General

Sharon Gannon’s Path to Yoga

1. Q: When and where did you first start to get interested in yoga?

SHARON: When I was 16 I moved with my family to Seattle Washington, a city in the Pacific Northwest of the United States. I lived there until moving to New York City when I was 32. When I was 18 I started to practice meditation, after attending a lecture by a student of Krishnamurti, where the simple instructions “close your eyes, sit still and quiet for a few minutes,” were given to the members of the audience. During my early twenties I studied laboratory Alchemy, which shares some kinship to yoga in that it deals with transmuting the gross to the refined. My Alchemy teacher, Randy Hall encouraged me to meditate as well as to study metaphysics and ancient scripture and to that aim introduced me to the Theosophical Library, which had a branch in Seattle. The library provided me with a wealth of books about alchemy and metaphysics as well as yoga, religion, spirituality and biographies of Indian and Tibetan yogis, saints and their practices. When I attended college as a dance student, I continued to study Indian history, spirituality, art, music and dance.
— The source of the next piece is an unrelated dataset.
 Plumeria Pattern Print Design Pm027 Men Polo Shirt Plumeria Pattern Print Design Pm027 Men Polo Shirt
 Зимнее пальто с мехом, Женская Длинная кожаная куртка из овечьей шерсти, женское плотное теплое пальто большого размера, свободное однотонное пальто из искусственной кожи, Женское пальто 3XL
2. Q: Why did you start to practice yoga?

SHARON: Initially I wanted to get closer to God, I wanted to become a better person. I felt stupid and incompetent as well as out of control of my life and had deep self-loathing. I had an idealized concept of what enlightenment was and I wanted to investigate. In 1982 I saw a film—The Animals’ Film—a British documentary that probed into the relationship between human beings and other animals. Those 2 hours and 20 minutes in that movie theatre altered my life like no other single incident. The film explored the many cruel ways that we exploit animals. The movie caused me to rethink everything I was doing with my life. I knew that I had glimpsed into a reality that not many people had seen or cared to know about. Right after the film, I devoted my life to doing something that might change what I saw in the film. I wanted to stop the insanity and suffering I saw in that film. I wanted to help to free the animals and to free the minds of human beings who were abusing animals. I wanted to find out if we could live in a different way—a way based on kindness, not degradation, cruelty and slavery. I realized that for a whole society to change I had to be willing to change myself. I became a vegan. But I was still unable to speak effectively to others about animals—as I was too filled with sadness, anger, blame and self-righteousness.
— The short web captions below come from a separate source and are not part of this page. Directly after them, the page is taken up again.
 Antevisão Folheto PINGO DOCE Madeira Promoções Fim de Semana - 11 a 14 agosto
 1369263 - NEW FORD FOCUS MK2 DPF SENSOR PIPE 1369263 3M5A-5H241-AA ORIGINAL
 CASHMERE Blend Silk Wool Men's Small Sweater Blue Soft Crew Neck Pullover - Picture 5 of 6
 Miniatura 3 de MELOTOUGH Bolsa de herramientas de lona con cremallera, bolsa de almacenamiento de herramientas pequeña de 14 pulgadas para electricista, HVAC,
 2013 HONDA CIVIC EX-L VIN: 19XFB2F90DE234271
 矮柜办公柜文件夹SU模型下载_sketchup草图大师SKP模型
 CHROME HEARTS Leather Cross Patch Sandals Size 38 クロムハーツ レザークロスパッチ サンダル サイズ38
About a year later I broke my back in an accident and went to see a yoga teacher to help me with my pain. During that first class I realized that yoga was going to be my way to change myself, and if I could change myself—then that was the first step to changing the world. Only through the power of love can we discover the ability to truly change.

3. Q: What does it mean to you to practice yoga?
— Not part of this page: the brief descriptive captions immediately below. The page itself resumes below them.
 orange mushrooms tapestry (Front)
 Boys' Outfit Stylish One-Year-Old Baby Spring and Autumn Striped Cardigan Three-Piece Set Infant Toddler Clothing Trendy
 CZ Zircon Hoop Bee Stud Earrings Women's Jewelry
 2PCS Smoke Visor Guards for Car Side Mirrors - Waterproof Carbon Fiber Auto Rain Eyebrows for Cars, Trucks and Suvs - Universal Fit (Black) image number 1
SHARON: Yoga practices are practices to wake a person up to who they really are. I am interested in waking up, which entails dropping who I think I am and letting go of my ignorance, negative emotions and all that separates me from reality—from others and from God. I want to experience the Truth. I pray every day that I can be humble enough and focused enough in order to let go and allow myself to be open to transformation.

4. Q: What motivated you to begin to teach yoga?

SHARON: When I lived in NYC during the early 1980s, I was an artist, musician, dancer and painter and had been studying and practicing yoga for some years. Many of the people who would come to my performances knew that I also practiced yoga. They began asking me to teach them some yoga practices. Very quickly I had more requests for yoga than I did for my music, dance or art performances. So I realized that if I was going to be helpful to others—it was through the medium of yoga that I was going to be able to do that, so I should become better at what I was doing—so as to benefit others.